The parlour at the Pent was a deep room with a beam across the middle of the low ceiling; small, pink monthly roses always showed insignificant blooms that looked over the window sills. An immense tythe-barn with a great, thatched, black-mossy roof filled in the whole view if you sat by the fireplace; occasionally you would see a rat progressing musingly over this surface. If you approached the window you saw a narrow lawn running to a low brick wall, after which the level dropped to a great stack-yard floored usually with straw and not unusually with a bullock or two in it. Conrad and the writer planted an orange tree, grown from a pip, under the low north wall of this narrow garden. It was still alive in nineteen-seventeen, growing just up to the coping of the low wall where its progress was cut off by the north wind. It was a very quiet, simple room.

The writer sat in the grandfather’s chair, his back to the window, beside the fireplace, reading, his manuscript held up to the light: Conrad sat forward on a rush-bottomed armchair listening intently. (For how many years did the writer and Conrad not sit there like that!)

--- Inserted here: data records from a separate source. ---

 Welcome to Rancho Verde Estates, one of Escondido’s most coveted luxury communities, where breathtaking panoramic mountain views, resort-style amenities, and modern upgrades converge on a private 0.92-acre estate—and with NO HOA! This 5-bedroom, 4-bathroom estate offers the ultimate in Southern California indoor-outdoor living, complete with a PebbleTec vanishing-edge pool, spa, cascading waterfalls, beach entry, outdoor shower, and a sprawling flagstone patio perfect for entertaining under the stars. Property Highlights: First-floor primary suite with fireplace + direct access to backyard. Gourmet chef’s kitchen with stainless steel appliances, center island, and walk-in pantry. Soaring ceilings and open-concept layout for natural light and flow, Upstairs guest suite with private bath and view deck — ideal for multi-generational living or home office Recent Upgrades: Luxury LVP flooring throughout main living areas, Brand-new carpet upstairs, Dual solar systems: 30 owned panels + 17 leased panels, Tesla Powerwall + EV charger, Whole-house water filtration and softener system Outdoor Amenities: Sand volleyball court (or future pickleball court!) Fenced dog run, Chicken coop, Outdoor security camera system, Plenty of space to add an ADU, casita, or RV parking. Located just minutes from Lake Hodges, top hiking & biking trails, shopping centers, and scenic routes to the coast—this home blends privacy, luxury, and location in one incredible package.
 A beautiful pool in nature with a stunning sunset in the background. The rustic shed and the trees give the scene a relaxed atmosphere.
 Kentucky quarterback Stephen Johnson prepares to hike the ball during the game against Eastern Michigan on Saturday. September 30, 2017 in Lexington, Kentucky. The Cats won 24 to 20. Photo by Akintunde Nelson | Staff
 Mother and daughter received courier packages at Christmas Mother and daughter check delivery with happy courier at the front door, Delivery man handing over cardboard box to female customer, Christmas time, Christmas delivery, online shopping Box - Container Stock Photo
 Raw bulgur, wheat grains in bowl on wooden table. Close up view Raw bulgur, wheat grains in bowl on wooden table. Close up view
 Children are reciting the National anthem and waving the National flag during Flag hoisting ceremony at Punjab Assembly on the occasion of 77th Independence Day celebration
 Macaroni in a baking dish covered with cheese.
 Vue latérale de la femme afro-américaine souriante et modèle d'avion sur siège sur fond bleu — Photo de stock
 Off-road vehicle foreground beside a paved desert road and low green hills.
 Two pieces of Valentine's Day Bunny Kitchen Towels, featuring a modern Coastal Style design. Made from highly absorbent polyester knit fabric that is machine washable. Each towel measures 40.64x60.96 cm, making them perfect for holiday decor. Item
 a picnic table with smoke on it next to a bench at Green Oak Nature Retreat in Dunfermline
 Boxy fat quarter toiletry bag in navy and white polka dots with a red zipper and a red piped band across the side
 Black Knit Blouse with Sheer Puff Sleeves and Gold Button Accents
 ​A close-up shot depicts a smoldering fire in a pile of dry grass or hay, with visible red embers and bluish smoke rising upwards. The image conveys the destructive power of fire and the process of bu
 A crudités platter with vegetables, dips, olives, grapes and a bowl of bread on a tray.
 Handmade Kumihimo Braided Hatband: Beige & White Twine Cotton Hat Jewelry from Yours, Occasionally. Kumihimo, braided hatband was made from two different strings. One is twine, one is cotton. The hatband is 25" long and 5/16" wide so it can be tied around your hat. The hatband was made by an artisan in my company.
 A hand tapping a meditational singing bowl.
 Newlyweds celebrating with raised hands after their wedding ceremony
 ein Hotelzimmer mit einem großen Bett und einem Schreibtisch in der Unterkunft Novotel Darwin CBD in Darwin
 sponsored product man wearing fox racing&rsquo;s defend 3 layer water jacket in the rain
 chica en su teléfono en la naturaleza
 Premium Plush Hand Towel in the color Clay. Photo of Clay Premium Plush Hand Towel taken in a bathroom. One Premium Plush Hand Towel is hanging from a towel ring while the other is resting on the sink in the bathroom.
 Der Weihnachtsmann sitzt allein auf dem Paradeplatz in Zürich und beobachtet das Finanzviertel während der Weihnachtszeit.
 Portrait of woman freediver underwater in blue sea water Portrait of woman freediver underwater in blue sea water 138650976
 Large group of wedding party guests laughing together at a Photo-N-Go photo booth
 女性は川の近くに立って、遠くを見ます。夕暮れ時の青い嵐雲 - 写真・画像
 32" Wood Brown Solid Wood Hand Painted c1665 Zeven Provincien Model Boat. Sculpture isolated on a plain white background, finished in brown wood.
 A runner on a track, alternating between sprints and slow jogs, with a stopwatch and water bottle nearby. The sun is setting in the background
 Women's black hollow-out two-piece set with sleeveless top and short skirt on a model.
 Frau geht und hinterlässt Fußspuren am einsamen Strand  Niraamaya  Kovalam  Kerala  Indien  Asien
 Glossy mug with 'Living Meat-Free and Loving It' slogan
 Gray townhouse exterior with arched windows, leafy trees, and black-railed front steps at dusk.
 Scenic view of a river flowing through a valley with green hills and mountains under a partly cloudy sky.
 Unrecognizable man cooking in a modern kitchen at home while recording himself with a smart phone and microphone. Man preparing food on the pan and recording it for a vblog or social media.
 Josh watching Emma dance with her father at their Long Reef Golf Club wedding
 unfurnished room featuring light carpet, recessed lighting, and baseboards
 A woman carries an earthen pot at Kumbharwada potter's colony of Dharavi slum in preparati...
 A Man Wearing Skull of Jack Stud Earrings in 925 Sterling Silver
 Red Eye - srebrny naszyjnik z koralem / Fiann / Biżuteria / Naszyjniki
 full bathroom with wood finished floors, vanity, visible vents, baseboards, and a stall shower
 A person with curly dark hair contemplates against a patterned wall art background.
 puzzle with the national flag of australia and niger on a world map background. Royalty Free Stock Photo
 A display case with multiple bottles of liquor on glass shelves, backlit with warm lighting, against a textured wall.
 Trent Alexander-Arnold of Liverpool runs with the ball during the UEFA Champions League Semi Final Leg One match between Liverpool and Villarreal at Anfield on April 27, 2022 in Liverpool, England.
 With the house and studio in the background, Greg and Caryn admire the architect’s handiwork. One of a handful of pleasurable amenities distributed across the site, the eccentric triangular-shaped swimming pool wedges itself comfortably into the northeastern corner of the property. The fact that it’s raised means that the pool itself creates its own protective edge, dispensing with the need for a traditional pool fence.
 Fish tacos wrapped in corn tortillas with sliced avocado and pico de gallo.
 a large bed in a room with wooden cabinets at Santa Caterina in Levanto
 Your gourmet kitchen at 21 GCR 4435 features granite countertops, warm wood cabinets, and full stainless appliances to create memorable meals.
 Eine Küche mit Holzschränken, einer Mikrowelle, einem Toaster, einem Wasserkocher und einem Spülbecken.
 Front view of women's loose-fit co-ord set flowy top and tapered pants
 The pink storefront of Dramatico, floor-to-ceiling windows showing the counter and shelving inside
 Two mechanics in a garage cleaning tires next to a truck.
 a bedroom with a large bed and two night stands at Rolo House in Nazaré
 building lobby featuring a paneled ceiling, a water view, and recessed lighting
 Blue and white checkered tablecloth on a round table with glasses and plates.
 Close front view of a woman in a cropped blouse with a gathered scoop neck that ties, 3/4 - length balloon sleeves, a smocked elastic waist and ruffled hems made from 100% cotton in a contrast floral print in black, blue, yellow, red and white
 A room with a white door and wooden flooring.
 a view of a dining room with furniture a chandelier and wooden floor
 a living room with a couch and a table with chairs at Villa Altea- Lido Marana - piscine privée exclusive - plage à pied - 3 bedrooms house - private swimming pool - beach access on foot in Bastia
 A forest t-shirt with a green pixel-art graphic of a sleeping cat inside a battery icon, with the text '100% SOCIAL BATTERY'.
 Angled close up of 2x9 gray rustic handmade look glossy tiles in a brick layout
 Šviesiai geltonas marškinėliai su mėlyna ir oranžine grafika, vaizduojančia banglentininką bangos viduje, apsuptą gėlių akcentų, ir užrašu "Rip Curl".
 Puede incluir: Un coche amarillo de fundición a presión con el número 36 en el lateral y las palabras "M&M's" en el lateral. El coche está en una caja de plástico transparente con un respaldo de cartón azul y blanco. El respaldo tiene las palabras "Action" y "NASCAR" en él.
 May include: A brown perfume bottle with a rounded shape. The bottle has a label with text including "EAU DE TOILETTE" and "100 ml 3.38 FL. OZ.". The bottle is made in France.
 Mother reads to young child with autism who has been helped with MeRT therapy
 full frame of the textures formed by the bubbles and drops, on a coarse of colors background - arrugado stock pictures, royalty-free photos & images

We began that reading after lunch of a shortish day; the lamps were brought in along with the tea. During that interval Conrad showed nervous and depressed; sunk in on himself and hardly answering questions. Conrad being then almost a stranger, this was the writer’s first experience of to what Conrad’s depression over an artistic problem could amount: it was like a strong current that operated on a whole roomful.... With his back, then, to the lamp, and Conrad completely in the shadow the writer read on, just having the impression that his hearer’s limbs were all bunched together in his chair and that they contracted gradually. There were many strong shadows in the low room where most of the light was on the ceiling.

Conrad began to groan.... It was by then fairly apparent to the writer that Conrad disapproved of the treatment of the adventures of John Kemp; at any rate in Cuba; and the writer had a sufficient sense already of Conrad’s temperament to be disinclined to ask whether his guest were ill. He feels now the sense of as it were dumb obstinacy with which he read on into those now vocal shadows in the fireside warmth.... The interruptions grew in length of ejaculation. They became: “O! O!... O God, my dear Hueffer....”... And towards the end: “O God, my dear faller, how is it possible....” The writer finished with the statement that, as it was June the nightingale sang a trifle hoarsely. This zoological observation, in spite of the cadence, gave the final touch to Conrad’s dejection. The writer’s voice having stopped he exclaimed: “What? What? What’s that?” When he heard that that was the end he groaned and said: “Good God!”—for the last time. There are writers—French writers—who can keep the final revelation of a whole long novel back until the last three words. For this he had hoped. The writer would rather have died than have so machined a book.